We are distracted every 44 seconds - how do we cope?

“If we look at history, it always will speed up... so being able to know how to focus when it's necessary, I think is a very, very valuable skill to have."

Sunday Morning
4 min read
Scrolling while you rest stops the brain processing all the information it has received each day.
Caption:Scrolling while you rest stops the brain processing all the information it has received each day.Photo credit:Unsplash

While it feels like our attention spans are deteriorating in a world that scatters it here, there, and everywhere, our brain is very adept at focusing.

The problem is we're paying attention to too much, says Oscar de Bos, co-author of a new book Focus On-Off. 

“So, the brain tries to decide every second what is the most important thing I have to focus on, and it does that incredibly well.”

Research shows we are distracted every 44 seconds.

Research shows we are distracted every 44 seconds.

Unsplash

But with so much information coming at us the brain struggles to cope, he explains.

“It has a hard time keeping up, and it just switches to everything, trying to make sense of it all.”

He calls the tsunami of information we constantly receive a “modern jungle”. While our brains naturally adapt to this changing information environment, the result is leaky concentration.

There are, however, strategies to combat this, the Dutch researcher told RNZ’s Sunday Morning.

Doodling, drawing, or listening to familiar music can help keep focus while performing mundane tasks, he says.

“I like this example that when you're driving with some music on, everything goes well. But if you have to park the car backwards, then you have like the feeling of, ok, I have to stop the music now because it's too overwhelming, it's too many stimuli at the same time.”

He is also a fan of to-do lists.

“Once you get older, and especially now with the internet and all the stimuli that we get thrown at us, it's a very hard task to do, to remember everything that you have to do.”

We experience this as a kind of weight, he says, which is another distraction.

“You will interrupt yourself all the time with these memories.
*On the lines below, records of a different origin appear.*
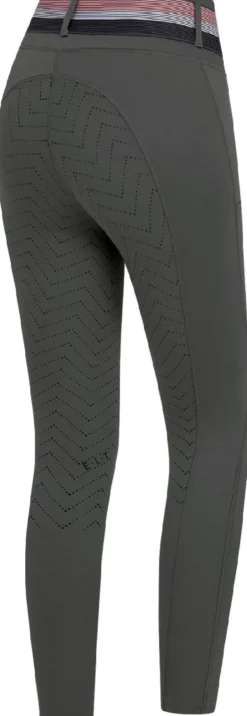 WALDHAUSEN ELT Reitleggings Nala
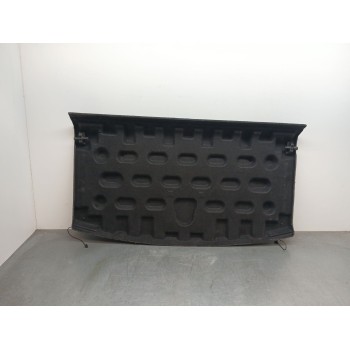 Recambio de bandeja trasera para seat altea (5p1) 1.9 tdi referencia OEM IAM 5P0867769K6E8  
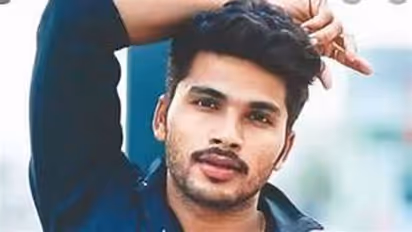 14 வயது சிறுமியை பாலியல் பலாத்காரம் செய்து கர்ப்பமாக்கிய டிக் டாக் பிரபலம் கைது!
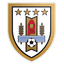 Uruguay Women U17 logo
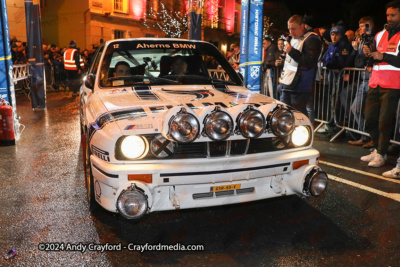 Killarney-Historic-Rally-2024-CS-34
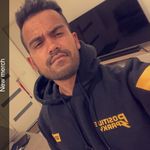 Profile Picture of Devon Stevenson (@devon_stevenson_) on Instagram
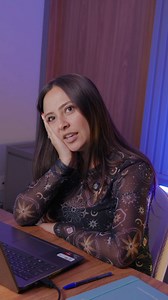 2.3K views · 13 reactions | ¿Quieres aprender Power BI totalmente...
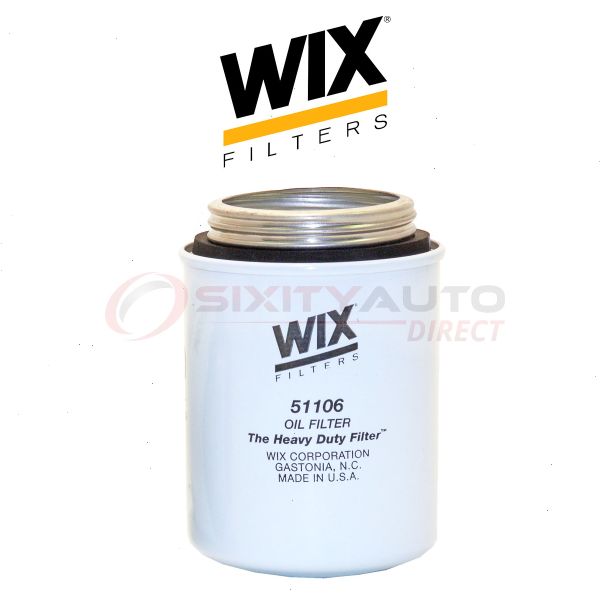 sixity auto direct parts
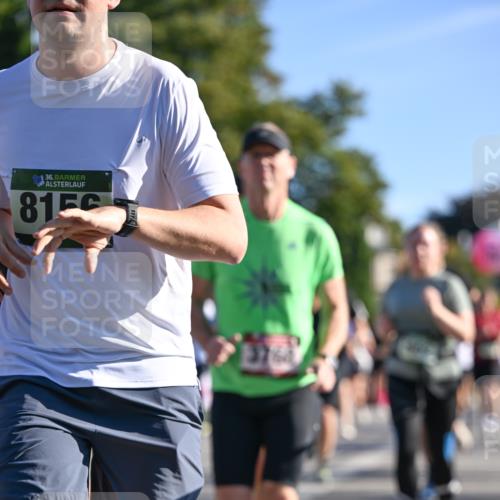 07.09.2025 - BARMER Alsterlauf Dr. Thomas Lammeyer http://msf.ph/oto/8711435 07.09.2025 09:39:17 Laufen 36, 8159 meine-sportfotos.de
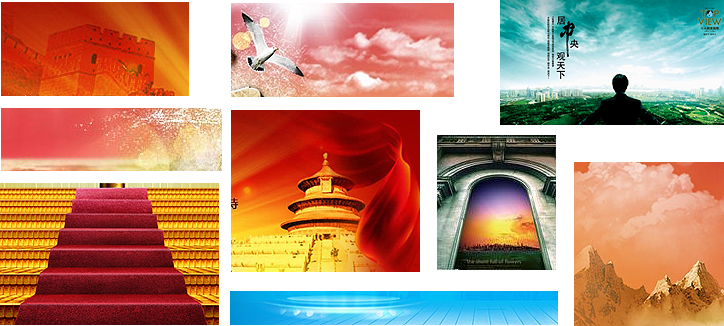 �ҳ��Ĵ���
So, you need a good list that you can trust, so your brain kind of can offload this task and doesn't remind you of all these things anymore. I think if you achieve that, then you cut your distractions almost in half.”

If you’re tired - don’t be tempted to scroll on your cellphone, he says, it blocks the brain from entering a “default mode network”. This is when the brain processes all information we got during the day.

It’s hardly surprising we feel so scattered he says. US researcher Gloria Mark has found distraction levels are increasing exponentially.

“I think it was in 2004, she found out that we were distracted every 150 seconds, which was already crazy, and then now we're down to every 44 seconds.”

Behind this finding lies another problem for our beleaguered brains, he says.

“Every time you task switch, your brain is kind of split in half, so one half of the brain is still trying to get rid of the information or trying to place it somewhere, while your other half of the brain is trying to understand the new information coming towards you, and in these minutes, you're, I like to say, a bit less smart, you make a lot of mistakes.”

It’s unlikely the speed of life will slow any time soon, he says.

“If we look at history, it always will speed up. So that’s why I think the skill of focus, being able to know how to focus when it's necessary, I think is a very, very valuable skill to have nowadays.”